The first thing you notice probably won’t worry you much. Just another flaw in the wall, or maybe a bump in the plaster that you hadn’t paid attention to before. It might even look like a shadow. If you’re observant, you might see it move, but you might not.

It’s usually too late by the time you get scared. Your walls will be covered in them— little bumps, like in an old house. They move around like beetles, incredibly fast, writhing and skittering over each other. You may not think the exact word, but the concept will almost definitely occur to you: infected. And it’s not so far off, although colonized might be closer.

The thing is, they exist in alternating generations. The first lives in your walls. When you see them, you’re witnessing their death throes. They’ll be gone soon. They die after reproducing.

And one day, you’ll wake up, and you just won’t feel right. Not sick, exactly; just off.

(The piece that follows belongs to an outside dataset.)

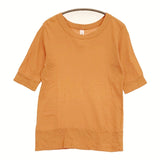 NOUVELLES DU PARADIS 五分袖 ハーフスリーブ 天竺 Ｔシャツ カットソー オレンジ レディース ヌーベルドゥパラディ【中古】5-0809S♪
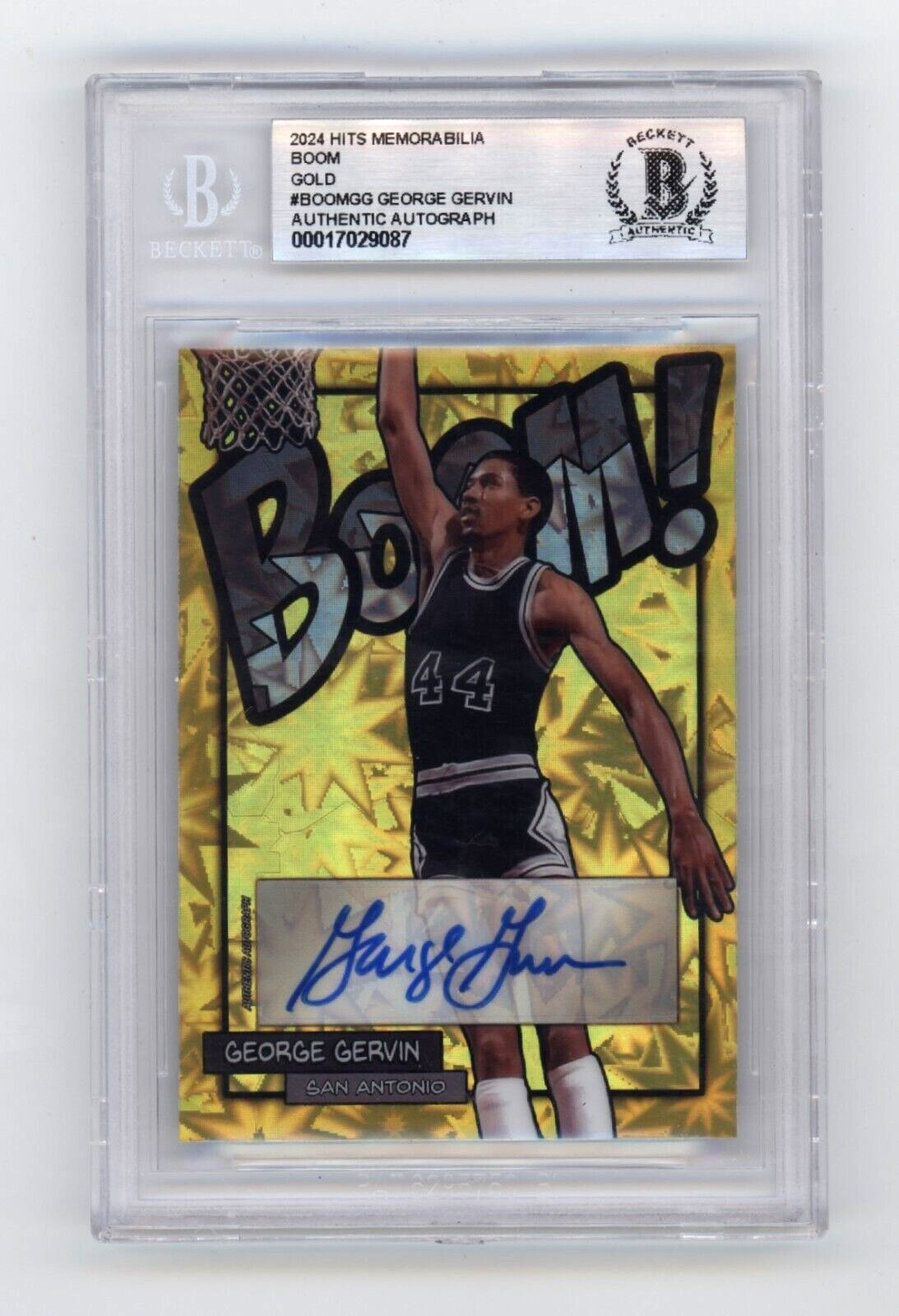George Gervin 2024 Hits Memorabilia BOOM Gold #/10 Signed BGS BAS Auto Spurs-Powers Sports Memorabilia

Nervous and jittery, like there’s something crawling around under your skin.

A few days later, you’ll realize there is something crawling around under your skin.

The doctors won’t believe you, though. You’ll get used to the word psychosomatic. You’ll insist they’re wrong, first politely, then urgently, then screaming in their faces as you feel yourself being eaten alive, but they won’t listen to you.

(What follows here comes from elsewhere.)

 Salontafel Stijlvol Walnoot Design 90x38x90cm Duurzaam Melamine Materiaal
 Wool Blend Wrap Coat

Maybe at home, maybe at the hospital, you’ll start to feel lethargic. When you try to move, you’re slow and clumsy. A few hours later, you’ll realize you aren’t tired; you’re paralyzed. You can try to get help, but there’s really no point. They all release the neurotoxin at once. Even if you make it, whoever you call will never understand you. You should probably close your eyes at that point, while you still can, because then they’re going to start burrowing out of your skin.